*** Collected material ***

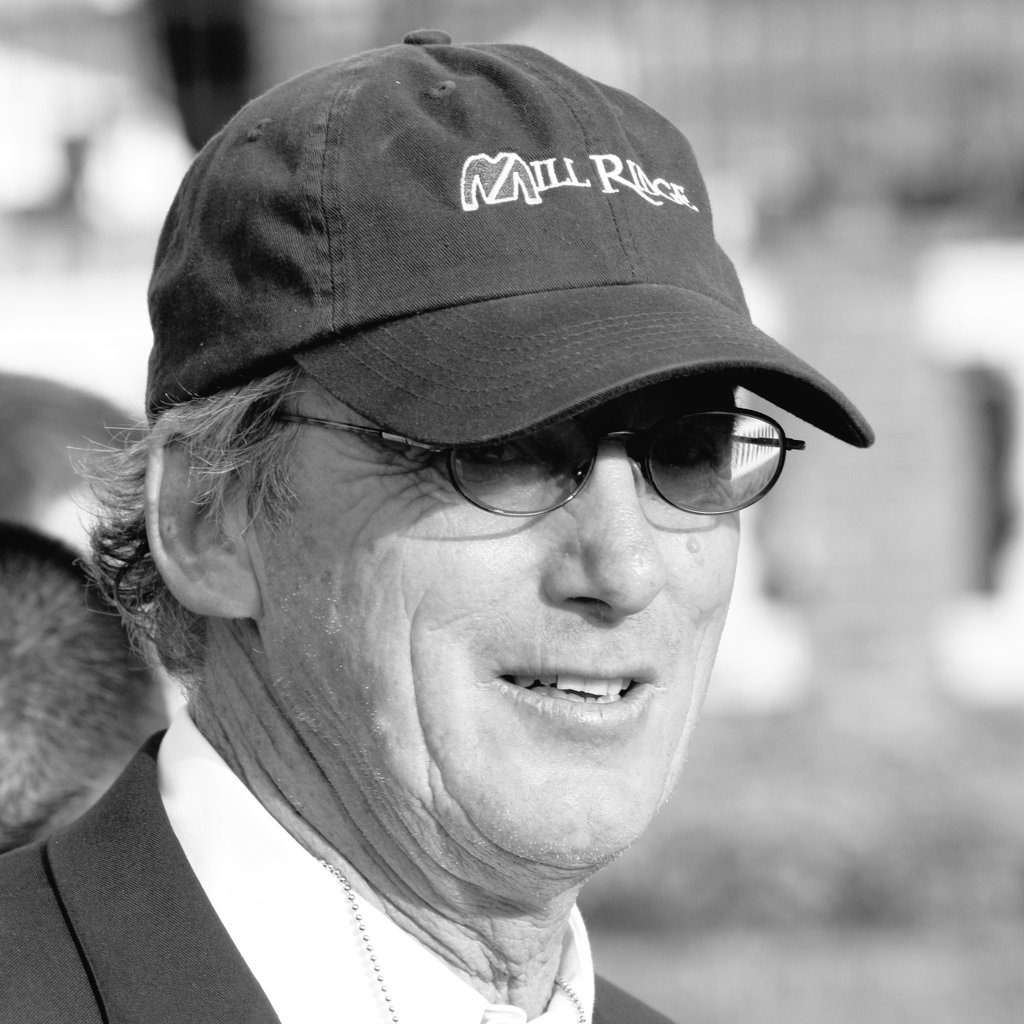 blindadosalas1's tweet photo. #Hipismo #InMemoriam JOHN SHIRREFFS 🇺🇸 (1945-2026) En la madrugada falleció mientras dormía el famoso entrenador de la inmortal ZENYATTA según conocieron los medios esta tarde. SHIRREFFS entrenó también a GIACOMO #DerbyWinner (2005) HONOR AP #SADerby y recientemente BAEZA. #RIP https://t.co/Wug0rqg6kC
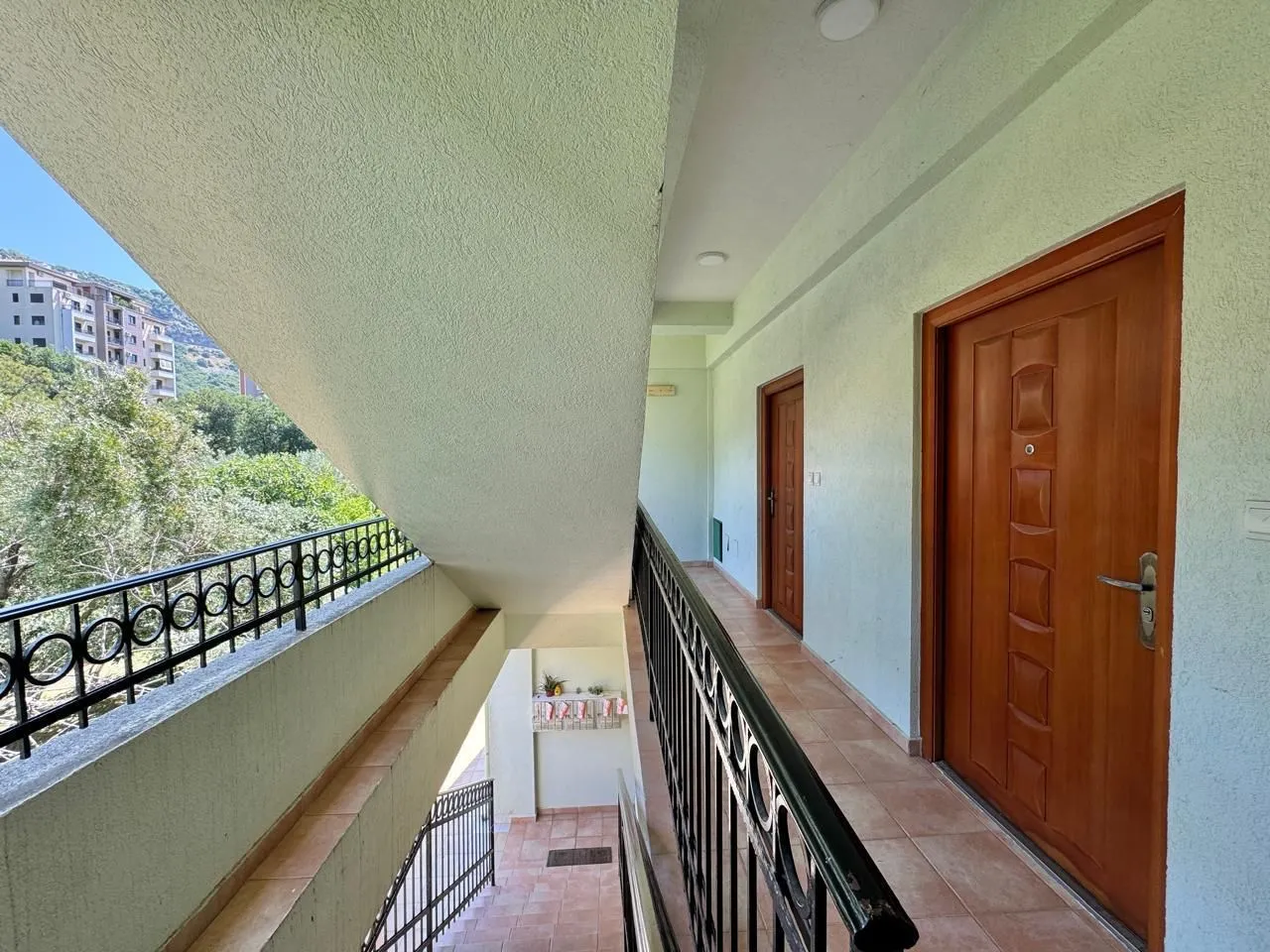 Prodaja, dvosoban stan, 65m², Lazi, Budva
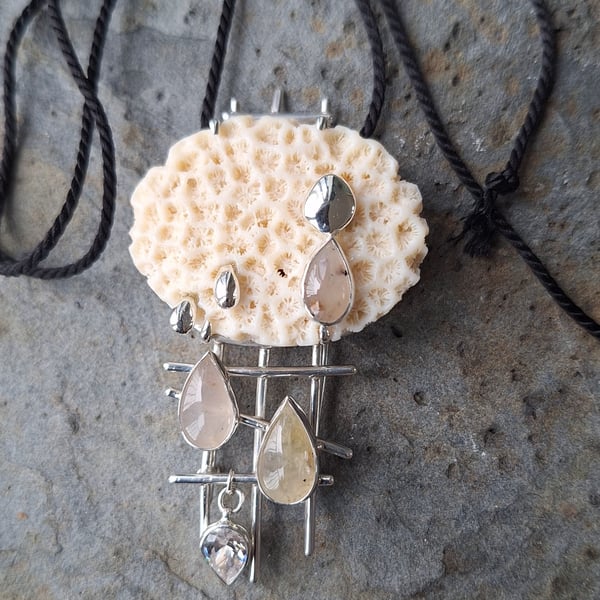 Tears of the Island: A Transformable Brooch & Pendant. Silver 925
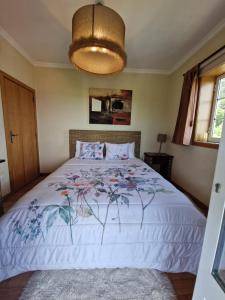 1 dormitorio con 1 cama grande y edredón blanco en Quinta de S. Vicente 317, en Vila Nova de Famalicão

*** End of Collected material ***

Give back the whole listing exactly, without pictures.

 blindadosalas1's tweet photo. #Hipismo #InMemoriam JOHN SHIRREFFS 🇺🇸 (1945-2026) En la madrugada falleció mientras dormía el famoso entrenador de la inmortal ZENYATTA según conocieron los medios esta tarde. SHIRREFFS entrenó también a GIACOMO #DerbyWinner (2005) HONOR AP #SADerby y recientemente BAEZA. #RIP https://t.co/Wug0rqg6kC
 Prodaja, dvosoban stan, 65m², Lazi, Budva
 Tears of the Island: A Transformable Brooch & Pendant. Silver 925
 1 dormitorio con 1 cama grande y edredón blanco en Quinta de S. Vicente 317, en Vila Nova de Famalicão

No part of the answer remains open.